Without any pictures, print exactly the lines that run from the start of the data through the line containing "Sale - Apartment".

BEGIN Record set

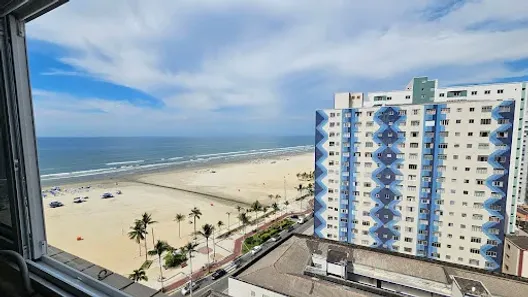 Kitnet com 1 Quarto à venda, 41m² no Guilhermina, Praia Grande
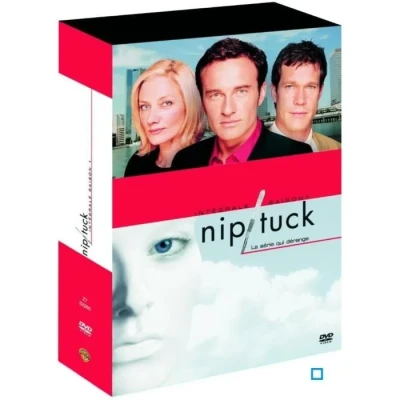 Image de Nip/Tuck : L&#039;intégrale Saison 1 Coffret 5 DVD Livre d’occasion Très bon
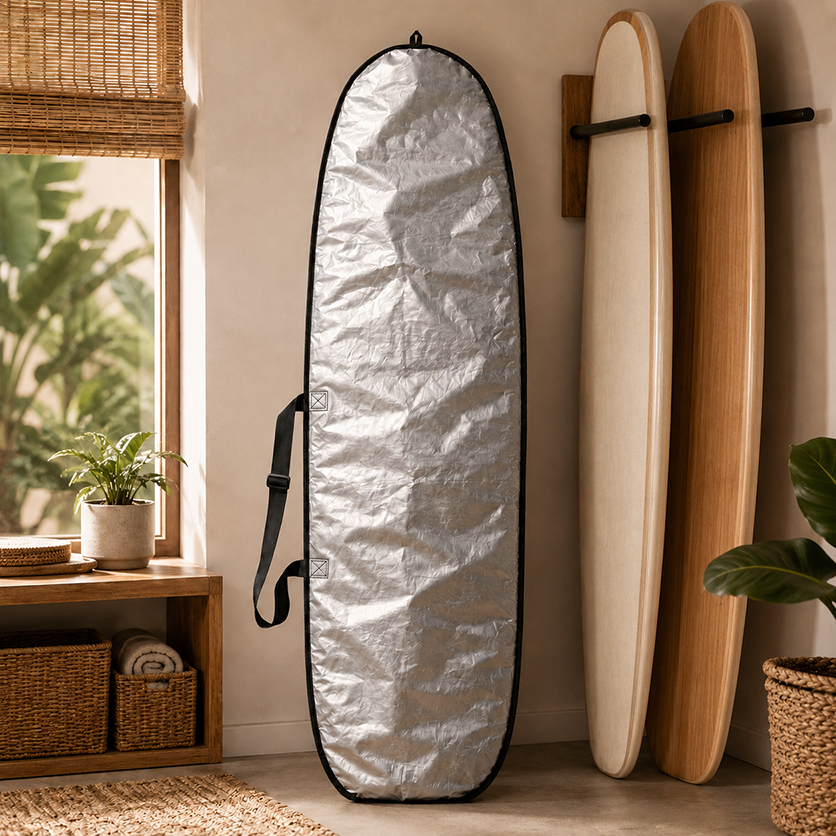 Capa SUP Refletiva Capa Refletiva Prancha de Surf Stand Up Paddle 10'0 / 11'0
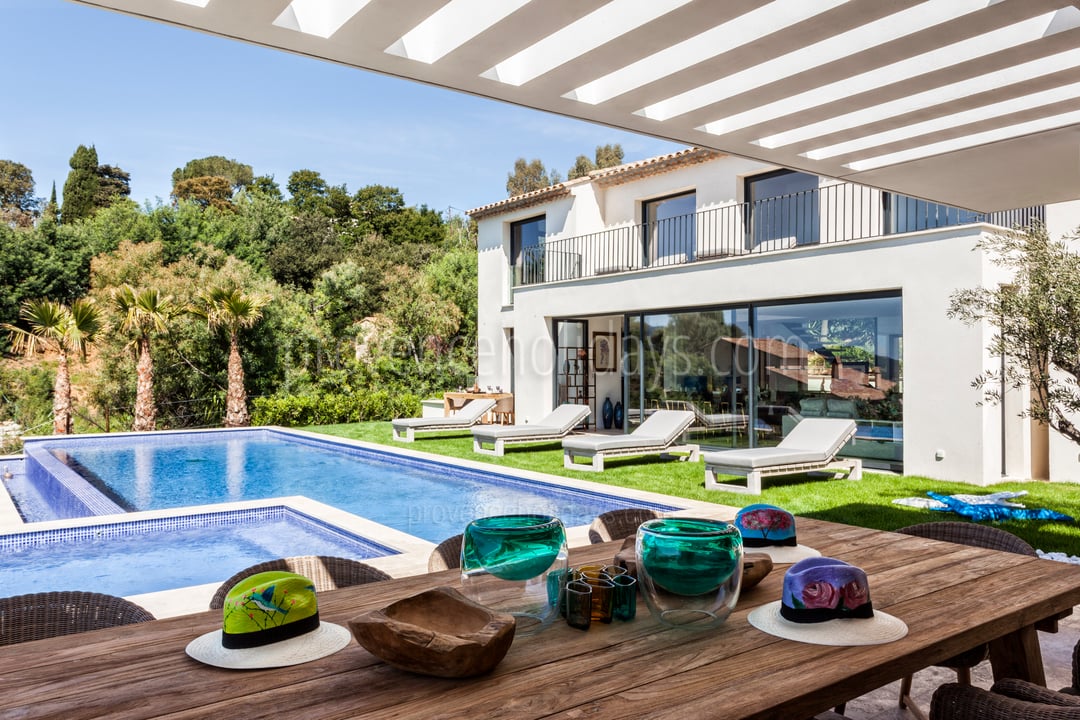 51 - Villa Cristal: Villa: Pool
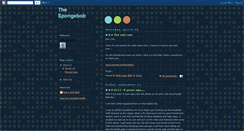Desktop Screenshot of bigbadbob65.blogspot.com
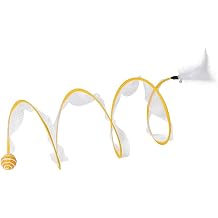 Spiral Tunnel Cat Toy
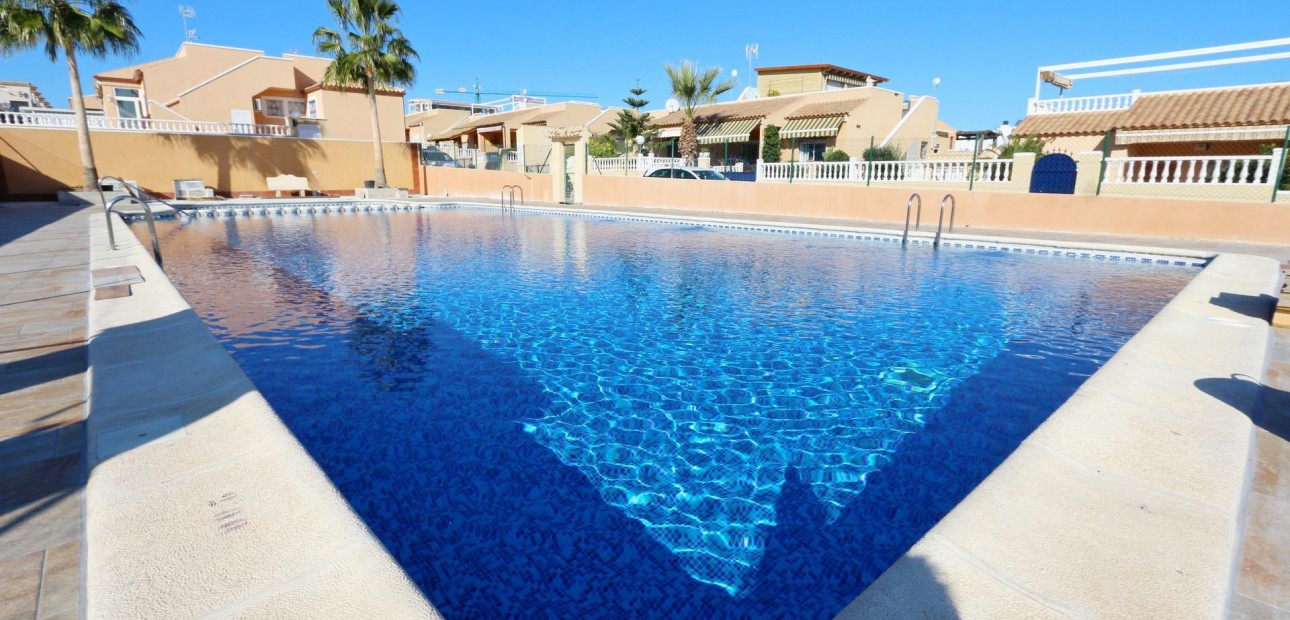Sale - Apartment / flat -
Orihuela Costa - La Ciñuelica - Villa Rosa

END Record set

• Exercise answer:
 Kitnet com 1 Quarto à venda, 41m² no Guilhermina, Praia Grande
 Image de Nip/Tuck : L&#039;intégrale Saison 1 Coffret 5 DVD Livre d’occasion Très bon
 Capa SUP Refletiva Capa Refletiva Prancha de Surf Stand Up Paddle 10'0 / 11'0
 51 - Villa Cristal: Villa: Pool
Desktop Screenshot of bigbadbob65.blogspot.com
 Spiral Tunnel Cat Toy
Sale - Apartment / flat -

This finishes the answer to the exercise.